Clemens now concluded to cover his lecture circuit of two years before. He was assured that it would be throwing away a precious opportunity not to give his new lecture to his old friends. The result justified that opinion. At Virginia, at Carson, and elsewhere he was received like a returned conqueror. He might have been accorded a Roman triumph had there been time and paraphernalia. Even the robbers had reformed, and entire safety was guaranteed him on the Divide between Virginia and Gold Hill. At Carson he called on Mrs. Curry, as in the old days, and among other things told her how snow from the Lebanon Mountains is brought to Damascus on the backs of camels.
"Sam," she said, "that's just one of your yarns, and if you tell it in your lecture to-night I'll get right up and say so."
But he did tell it, for it was a fact; and though Mrs. Curry did not rise to deny it she shook her finger at him in a way he knew.
He returned to San Francisco and gave one more lecture, the last he would ever give in California. His preparatory advertising for that occasion was wholly unique, characteristic of him to the last degree. It assumed the form of a handbill of protest, supposed to have been issued by the foremost citizens of San Francisco, urging him to return to the States without inflicting himself further upon them. As signatures he made free with the names of prominent individuals, followed by those of organizations, institutions, "Various Benevolent Societies, Citizens on Foot and Horseback, and fifteen hundred in the Steerage."
Following this (on the same bill) was his reply, "To the fifteen hundred and others," in which he insisted on another hearing:
I will torment the people if I want to.... It only costs the people $1 apiece, and if they can't stand it what do they stay here for?... My last lecture was not as fine as I thought it was, but I have submitted this discourse to several able critics, and they have pronounced it good. Now, therefore, why should I withhold it?
He promised positively to sail on the 6th of July if they would let him talk just this once. Continuing, the handbill presented a second protest, signed by the various clubs and business firms; also others bearing variously the signatures of the newspapers, and the clergy, ending with the brief word:
You had better go. Yours, CHIEF OF POLICE.

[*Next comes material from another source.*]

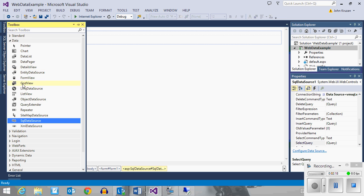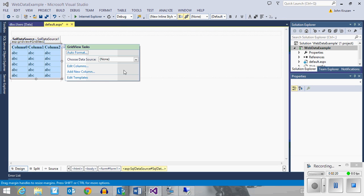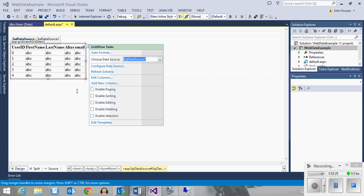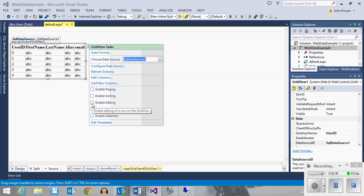I want to visually represent this data, so I'm going to use a GridView and drag it out onto my page. I'm going to associate that GridView with the data source I just created, SQL data source one. I want to be able to allow editing — I want to be able to click edit and take the user to another page.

All of which drollery concluded with his announcement of place and date of his lecture, with still further gaiety at the end. Nothing short of a seismic cataclysm--an earthquake, in fact--could deter a San Francisco audience after that. Mark Twain's farewell address, given at the Mercantile Library July 2 (1868), doubtless remains today the leading literary event in San Francisco's history.--[Copy of the lecture announcement, complete, will be found in Appendix H, at the end of last volume.]
He sailed July 6th by the Pacific mail steamer Montana to Acapulco, caught the Henry Chauncey at Aspinwall, reached New York on the 28th, and a day or two later had delivered his manuscript at Hartford.
But a further difficulty had arisen. Bliss was having troubles himself, this time, with his directors. Many reports of Mark Twain's new book had been traveling the rounds of the press, some of which declared it was to be irreverent, even blasphemous, in tone. The title selected, The New Pilgrim's Progress, was in itself a sacrilege. Hartford was a conservative place; the American Publishing Company directors were of orthodox persuasion. They urged Bliss to relieve the company of this impending disaster of heresy. When the author arrived one or more of them labored with him in person, without avail. As for Bliss, he was stanch; he believed in the book thoroughly, from every standpoint. He declared if the company refused to print it he would resign the management and publish the book himself. This was an alarming suggestion to the stockholders. Bliss had returned dividends--a boon altogether too rare in the company's former history.